**Activity:**
Please set down only the lines below starting with the line with "Diffenbachia in a Pot 1/120th scale" and going on through the line with "འདི་ནི་ངག་དབང་", verbatim and without pictures.

**Provided records:**

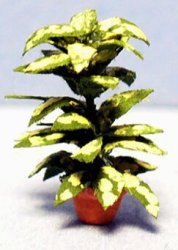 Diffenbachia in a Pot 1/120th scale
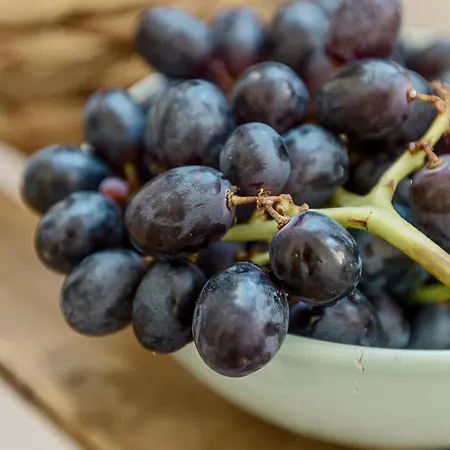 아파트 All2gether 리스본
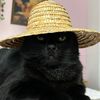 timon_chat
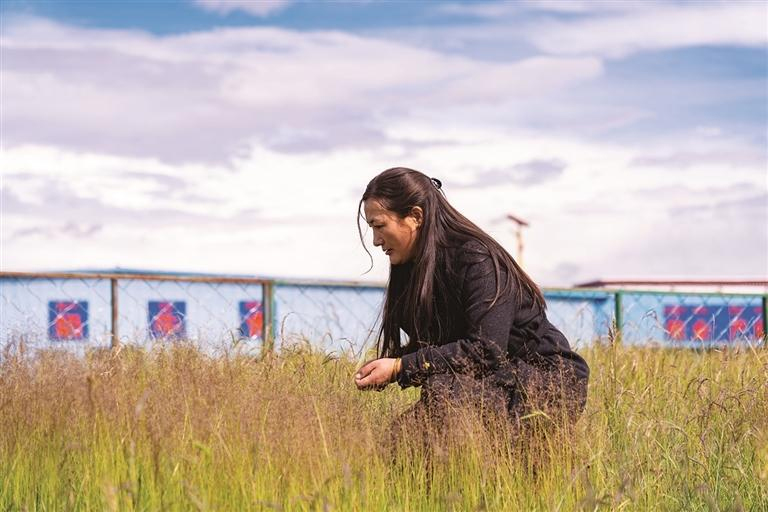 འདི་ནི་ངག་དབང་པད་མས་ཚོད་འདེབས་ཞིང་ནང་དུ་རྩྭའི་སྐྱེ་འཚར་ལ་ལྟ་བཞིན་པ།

--

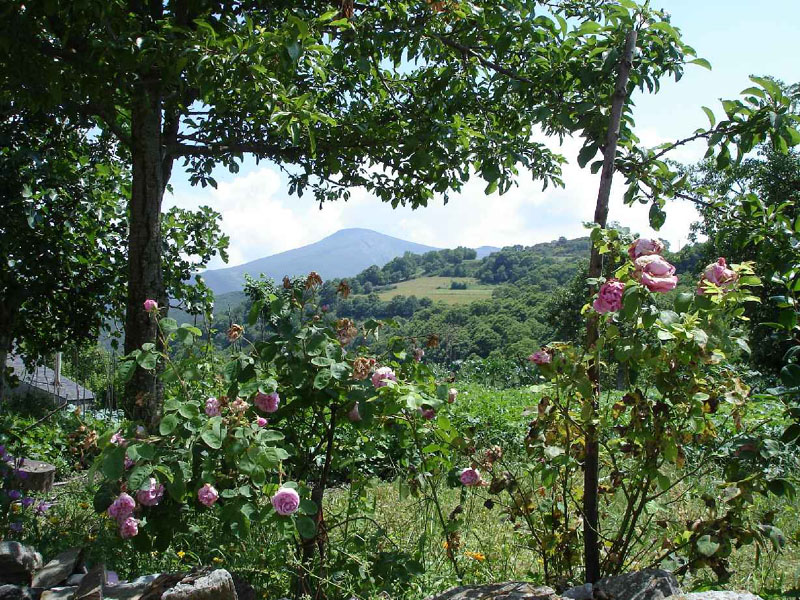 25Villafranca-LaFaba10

**Response to the exercise:**
 Diffenbachia in a Pot 1/120th scale
 아파트 All2gether 리스본
 timon_chat
 འདི་ནི་ངག་དབང་པད་མས་ཚོད་འདེབས་ཞིང་ནང་དུ་རྩྭའི་སྐྱེ་འཚར་ལ་ལྟ་བཞིན་པ།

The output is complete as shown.